Problem — Repeat the entire listing exactly. Omit all pictures.

Source data —
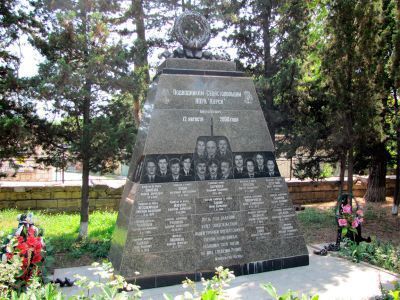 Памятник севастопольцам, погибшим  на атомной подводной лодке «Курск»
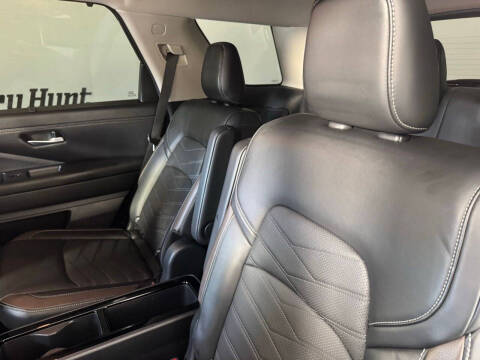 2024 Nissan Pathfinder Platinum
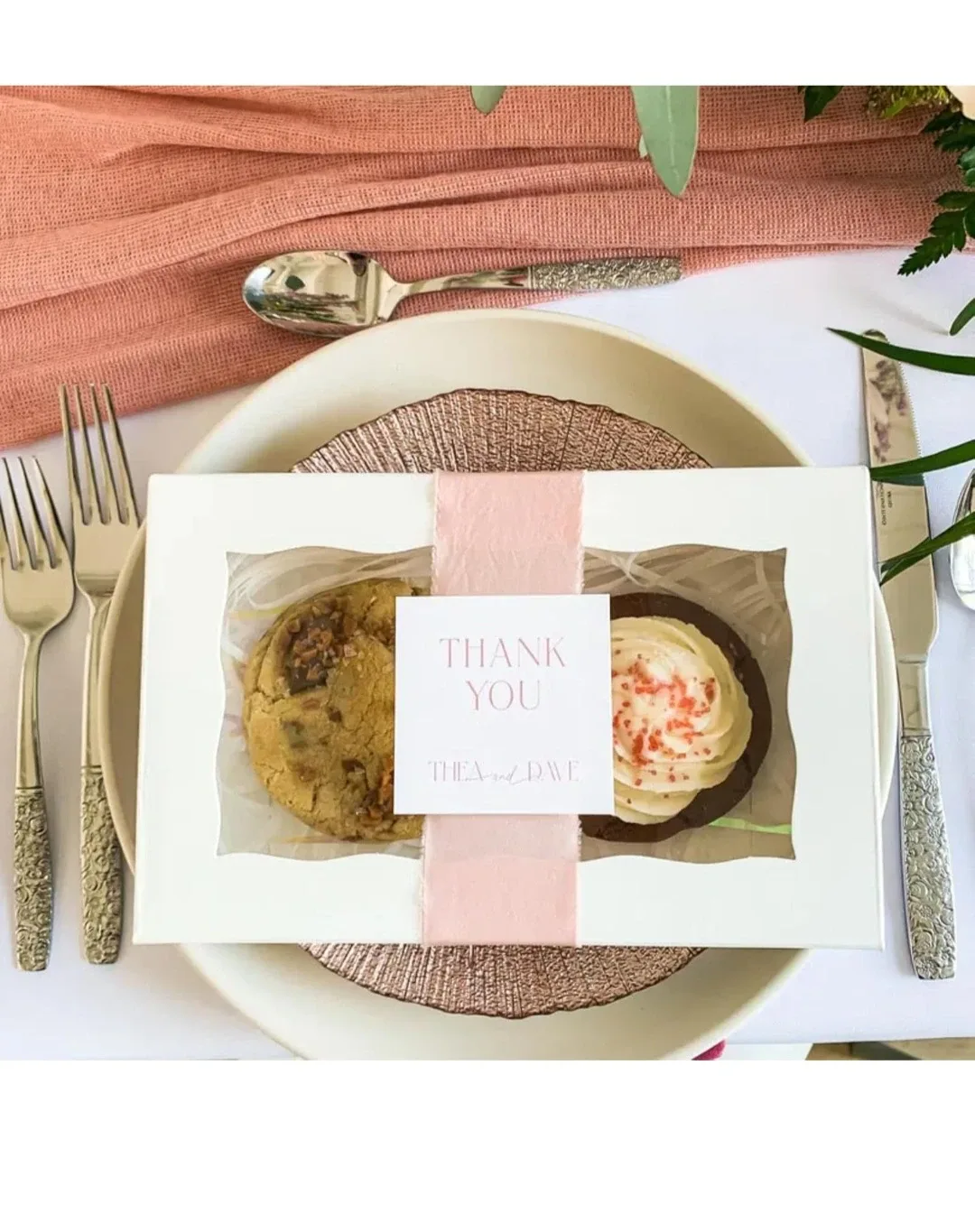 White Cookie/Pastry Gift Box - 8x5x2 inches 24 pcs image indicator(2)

Solution to the problem —
 Памятник севастопольцам, погибшим  на атомной подводной лодке «Курск»
 2024 Nissan Pathfinder Platinum
 White Cookie/Pastry Gift Box - 8x5x2 inches 24 pcs image indicator(2)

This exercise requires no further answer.